Dikkan Group İnsan Kaynakları Direktörü Dr. Füsun Toros ile Yetenek Yönetimi kapsamında yapılan röportajın devamı.
- Yetenek havuzunuzdaki çalışanlarınıza ne gibi uygulamalara dahil ediyorsunuz?
Hali hazırda yetenek havuzumuzda yer alan çalışanlarımızı yaptıkları işe ve seviyelerine göre, mühendislik, uzmanlık, liderlik akademisi gibi programlara dahil ediyoruz. Grubumuzda iki yıldır 360 derece performans değerlendirmesi yapıyoruz. Bu doğrultuda kariyer haritaları oluşturuyor ve süreci destekleyici gelişim planları yapıyoruz. Çalışanları yeni yetkinlik ve beceri kazanmaları için iç eğitimler, dış eğitimler, e öğrenme ve rotasyon programlarına dahil ediyoruz. Her bir çalışanımızın 7/24 ulaşabileceği dijital kütüphanemizde sayısız kitap ve makale yer alıyor. Ek olarak koçluk çalışmalarıyla desteklemeye ve geri bildirim vermeye gayret ediyoruz. Biliyorsunuz yetenek yönetimi üç halkalı zincirden oluşuyor; çekme, geliştirme ve tutundurma. Biz de olaya bu şekilde bütünsel yaklaşarak tüm süreci kurguluyoruz.

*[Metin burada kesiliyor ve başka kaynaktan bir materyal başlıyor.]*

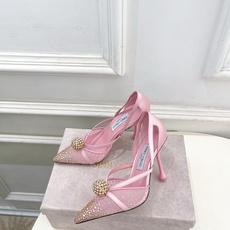 JimmyChoo 吉米周 26𝐬𝐬 ——— ✨ 2026春夏新品 专柜最新JC水钻球网纱尖头高跟 JimmyChoo 吉米周 26𝐬𝐬 ——— ✨ 2026春夏新品 专柜最新JC水钻球网纱尖头高跟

- Peki çalışanlar bu yaptıklarınızı nasıl karşılıyor? Mesela çalışanlar “Yaşasın dijital kütüphanemiz var” deyip giriyorlar mı kütüphaneye? Mutlaka siz de yapılanları herkesin aynı heyecanla karşılamasını beklemiyorsunuz. Çalışanlarınızın yaptığınız bu gelişim çalışmalarına genel yaklaşımı nasıl?
Herkesin yaklaşımı aynı değil. Mesela dijital kütüphanemiz; bütün kitapların özetleri yer alıyor. Ne kadar kıymetli.
- Evet harika ama ilgi duyana. (Gülüşmeler)
Tam da söylediğiniz gibi; ilgi duyana. Sınıf eğitimleri yapamadığımız için e-learning eğitimleri yapıyoruz. Türkiye’deki en önemli kurumlardan bir tanesinden hizmet alıyoruz e-learning kapsamında. Çok da güzel eğitimler aldık, her bir çalışanımıza 3’er tane e-learning eğitim atadık. Bu eğitimler de üçer, beşer, onar, yirmişer dakikalık hap niteliğinde. Çok kıymetli isimler bu platformda eğitimler veriyor. Bu eğitimler potansiyel gelişimi için de önemli. Biz zaten sistemden kimin katılıp katılmadığını takip ediyoruz. Başlangıçta ‘Arkadaşlar eğitimlere katılıyor musunuz’ diye sorduğumda da katılımın düşük olduğunu gördük. ‘Biz bunları biliyoruz, bu eğitime defalarca katıldık’ cevabını aldığım zamanlar da oldu, ama çalışanlarımız artık bu sisteme alıştı ve şu anda süreç kusursuz bir şekilde ilerliyor.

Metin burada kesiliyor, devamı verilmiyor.